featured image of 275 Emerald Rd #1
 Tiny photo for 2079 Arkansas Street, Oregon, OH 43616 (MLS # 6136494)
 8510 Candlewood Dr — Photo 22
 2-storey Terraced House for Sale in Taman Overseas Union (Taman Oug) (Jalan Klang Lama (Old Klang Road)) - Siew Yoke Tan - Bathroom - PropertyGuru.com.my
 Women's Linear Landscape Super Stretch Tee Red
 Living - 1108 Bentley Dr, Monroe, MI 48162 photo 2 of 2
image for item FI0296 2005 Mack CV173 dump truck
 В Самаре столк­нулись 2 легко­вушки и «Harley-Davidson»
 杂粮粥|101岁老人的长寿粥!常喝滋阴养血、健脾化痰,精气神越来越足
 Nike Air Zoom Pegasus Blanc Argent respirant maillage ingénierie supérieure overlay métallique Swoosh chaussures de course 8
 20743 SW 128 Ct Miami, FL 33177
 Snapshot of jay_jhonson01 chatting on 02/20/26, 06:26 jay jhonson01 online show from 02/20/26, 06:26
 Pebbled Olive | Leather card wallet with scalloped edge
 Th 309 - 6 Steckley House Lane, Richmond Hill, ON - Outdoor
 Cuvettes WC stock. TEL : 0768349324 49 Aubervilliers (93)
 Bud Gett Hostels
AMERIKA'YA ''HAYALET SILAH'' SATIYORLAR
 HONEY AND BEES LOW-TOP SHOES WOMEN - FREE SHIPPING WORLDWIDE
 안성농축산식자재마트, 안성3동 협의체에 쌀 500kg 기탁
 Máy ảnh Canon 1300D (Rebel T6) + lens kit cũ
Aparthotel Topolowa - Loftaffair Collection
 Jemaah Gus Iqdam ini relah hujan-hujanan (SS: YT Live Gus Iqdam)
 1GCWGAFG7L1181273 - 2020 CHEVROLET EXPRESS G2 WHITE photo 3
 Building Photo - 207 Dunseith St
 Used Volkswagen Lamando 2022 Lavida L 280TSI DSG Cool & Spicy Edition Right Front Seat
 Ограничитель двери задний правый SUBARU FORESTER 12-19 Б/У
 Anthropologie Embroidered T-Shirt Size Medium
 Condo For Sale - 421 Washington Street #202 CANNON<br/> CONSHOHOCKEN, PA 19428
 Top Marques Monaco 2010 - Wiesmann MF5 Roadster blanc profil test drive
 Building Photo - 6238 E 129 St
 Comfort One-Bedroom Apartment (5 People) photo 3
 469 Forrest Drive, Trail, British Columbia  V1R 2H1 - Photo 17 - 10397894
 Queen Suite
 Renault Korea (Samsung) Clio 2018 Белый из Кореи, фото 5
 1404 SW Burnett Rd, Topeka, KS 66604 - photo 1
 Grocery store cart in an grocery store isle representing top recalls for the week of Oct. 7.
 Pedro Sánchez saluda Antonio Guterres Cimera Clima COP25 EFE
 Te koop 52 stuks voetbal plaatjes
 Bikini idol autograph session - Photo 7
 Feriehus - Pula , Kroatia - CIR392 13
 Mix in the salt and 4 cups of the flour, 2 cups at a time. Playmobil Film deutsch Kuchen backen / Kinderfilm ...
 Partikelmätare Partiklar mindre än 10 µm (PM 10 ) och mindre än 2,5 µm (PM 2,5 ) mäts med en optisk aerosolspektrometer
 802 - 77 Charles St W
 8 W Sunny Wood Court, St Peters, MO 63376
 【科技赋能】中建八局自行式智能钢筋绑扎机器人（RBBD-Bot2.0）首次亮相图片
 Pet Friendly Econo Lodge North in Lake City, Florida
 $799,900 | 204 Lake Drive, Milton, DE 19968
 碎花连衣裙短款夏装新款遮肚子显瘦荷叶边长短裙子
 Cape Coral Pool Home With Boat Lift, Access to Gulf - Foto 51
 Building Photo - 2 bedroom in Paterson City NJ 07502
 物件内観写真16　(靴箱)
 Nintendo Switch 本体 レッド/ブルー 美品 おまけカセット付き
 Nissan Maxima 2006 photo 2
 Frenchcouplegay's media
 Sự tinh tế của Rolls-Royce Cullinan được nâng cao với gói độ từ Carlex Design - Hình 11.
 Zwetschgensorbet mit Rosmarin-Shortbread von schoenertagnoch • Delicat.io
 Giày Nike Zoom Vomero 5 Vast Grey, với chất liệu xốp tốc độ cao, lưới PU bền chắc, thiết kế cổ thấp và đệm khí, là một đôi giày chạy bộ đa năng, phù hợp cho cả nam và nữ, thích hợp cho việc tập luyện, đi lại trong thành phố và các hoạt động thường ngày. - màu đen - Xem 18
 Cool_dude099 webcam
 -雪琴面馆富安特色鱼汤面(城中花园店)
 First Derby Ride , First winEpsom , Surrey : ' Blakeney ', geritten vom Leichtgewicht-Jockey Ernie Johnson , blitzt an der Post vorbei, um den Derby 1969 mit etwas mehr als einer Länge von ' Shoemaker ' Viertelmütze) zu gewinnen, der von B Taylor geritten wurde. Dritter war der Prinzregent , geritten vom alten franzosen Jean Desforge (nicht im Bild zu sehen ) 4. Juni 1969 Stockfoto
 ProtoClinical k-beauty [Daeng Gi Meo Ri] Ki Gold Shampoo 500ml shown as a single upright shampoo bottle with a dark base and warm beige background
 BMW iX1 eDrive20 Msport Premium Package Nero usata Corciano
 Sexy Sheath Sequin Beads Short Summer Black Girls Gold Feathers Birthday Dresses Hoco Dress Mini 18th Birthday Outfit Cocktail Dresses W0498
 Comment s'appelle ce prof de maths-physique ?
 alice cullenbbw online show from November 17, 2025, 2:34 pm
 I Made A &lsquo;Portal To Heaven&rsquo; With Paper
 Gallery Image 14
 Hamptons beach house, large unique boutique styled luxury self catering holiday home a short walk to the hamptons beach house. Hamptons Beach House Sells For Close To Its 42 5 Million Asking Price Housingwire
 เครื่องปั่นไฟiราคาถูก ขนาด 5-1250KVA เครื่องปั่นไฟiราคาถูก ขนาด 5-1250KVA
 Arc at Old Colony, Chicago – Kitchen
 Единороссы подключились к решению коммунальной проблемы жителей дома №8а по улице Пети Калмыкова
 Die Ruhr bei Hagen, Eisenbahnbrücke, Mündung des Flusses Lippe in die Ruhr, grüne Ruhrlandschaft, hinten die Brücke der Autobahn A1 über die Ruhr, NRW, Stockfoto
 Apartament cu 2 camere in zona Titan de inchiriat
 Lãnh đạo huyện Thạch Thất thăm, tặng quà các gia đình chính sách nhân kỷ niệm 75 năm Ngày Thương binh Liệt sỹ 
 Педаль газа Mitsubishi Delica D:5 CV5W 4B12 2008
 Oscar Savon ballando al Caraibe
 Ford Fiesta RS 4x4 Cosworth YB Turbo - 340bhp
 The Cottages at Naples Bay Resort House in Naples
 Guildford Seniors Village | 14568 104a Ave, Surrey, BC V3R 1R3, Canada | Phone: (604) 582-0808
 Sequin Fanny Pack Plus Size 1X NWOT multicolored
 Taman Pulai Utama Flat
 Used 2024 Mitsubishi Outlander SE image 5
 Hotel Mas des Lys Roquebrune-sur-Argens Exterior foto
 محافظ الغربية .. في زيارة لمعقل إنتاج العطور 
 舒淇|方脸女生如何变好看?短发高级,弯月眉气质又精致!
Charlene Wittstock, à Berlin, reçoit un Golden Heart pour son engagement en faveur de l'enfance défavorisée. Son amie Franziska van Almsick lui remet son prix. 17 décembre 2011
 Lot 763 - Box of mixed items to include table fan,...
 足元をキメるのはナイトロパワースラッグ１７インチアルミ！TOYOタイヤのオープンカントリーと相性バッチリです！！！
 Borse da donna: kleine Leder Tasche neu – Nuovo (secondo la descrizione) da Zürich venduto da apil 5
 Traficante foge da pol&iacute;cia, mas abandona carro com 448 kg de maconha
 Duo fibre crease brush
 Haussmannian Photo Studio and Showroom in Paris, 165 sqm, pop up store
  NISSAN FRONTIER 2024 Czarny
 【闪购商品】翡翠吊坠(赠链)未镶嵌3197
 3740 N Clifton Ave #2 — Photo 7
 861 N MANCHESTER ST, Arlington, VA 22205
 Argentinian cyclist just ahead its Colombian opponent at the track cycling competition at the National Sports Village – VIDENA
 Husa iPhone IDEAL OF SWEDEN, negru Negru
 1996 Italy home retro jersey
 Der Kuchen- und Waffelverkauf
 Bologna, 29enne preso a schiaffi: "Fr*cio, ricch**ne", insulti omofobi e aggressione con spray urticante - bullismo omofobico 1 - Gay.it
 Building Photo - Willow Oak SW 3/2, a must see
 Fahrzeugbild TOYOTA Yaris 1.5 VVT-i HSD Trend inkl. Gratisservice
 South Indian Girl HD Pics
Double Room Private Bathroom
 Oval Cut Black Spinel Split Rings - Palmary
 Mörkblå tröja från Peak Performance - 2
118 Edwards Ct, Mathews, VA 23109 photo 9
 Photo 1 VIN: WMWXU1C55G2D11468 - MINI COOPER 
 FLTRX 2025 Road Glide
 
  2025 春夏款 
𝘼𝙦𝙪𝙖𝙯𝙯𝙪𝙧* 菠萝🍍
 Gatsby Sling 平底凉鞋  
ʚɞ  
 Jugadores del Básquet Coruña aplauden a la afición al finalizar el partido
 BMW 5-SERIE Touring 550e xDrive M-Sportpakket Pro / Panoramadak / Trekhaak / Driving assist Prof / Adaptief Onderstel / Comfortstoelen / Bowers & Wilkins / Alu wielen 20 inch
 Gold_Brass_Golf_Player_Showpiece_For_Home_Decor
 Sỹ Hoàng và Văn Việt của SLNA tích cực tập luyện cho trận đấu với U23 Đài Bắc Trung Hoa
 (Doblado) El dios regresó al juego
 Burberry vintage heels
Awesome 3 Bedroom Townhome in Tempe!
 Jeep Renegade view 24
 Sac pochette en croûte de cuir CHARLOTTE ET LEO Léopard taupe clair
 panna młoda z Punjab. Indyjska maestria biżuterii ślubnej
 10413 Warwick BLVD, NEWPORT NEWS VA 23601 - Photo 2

ASSIGNMENT. Copy the lines from the start of the data verbatim, stopping after the line containing "Snapshot of jay_jhonson01".

RESPONSE FOR THIS EXERCISE.
featured image of 275 Emerald Rd #1
 Tiny photo for 2079 Arkansas Street, Oregon, OH 43616 (MLS # 6136494)
 8510 Candlewood Dr — Photo 22
 2-storey Terraced House for Sale in Taman Overseas Union (Taman Oug) (Jalan Klang Lama (Old Klang Road)) - Siew Yoke Tan - Bathroom - PropertyGuru.com.my
 Women's Linear Landscape Super Stretch Tee Red
 Living - 1108 Bentley Dr, Monroe, MI 48162 photo 2 of 2
image for item FI0296 2005 Mack CV173 dump truck
 В Самаре столк­нулись 2 легко­вушки и «Harley-Davidson»
 杂粮粥|101岁老人的长寿粥!常喝滋阴养血、健脾化痰,精气神越来越足
 Nike Air Zoom Pegasus Blanc Argent respirant maillage ingénierie supérieure overlay métallique Swoosh chaussures de course 8
 20743 SW 128 Ct Miami, FL 33177
 Snapshot of jay_jhonson01 chatting on 02/20/26, 06:26 jay jhonson01 online show from 02/20/26, 06:26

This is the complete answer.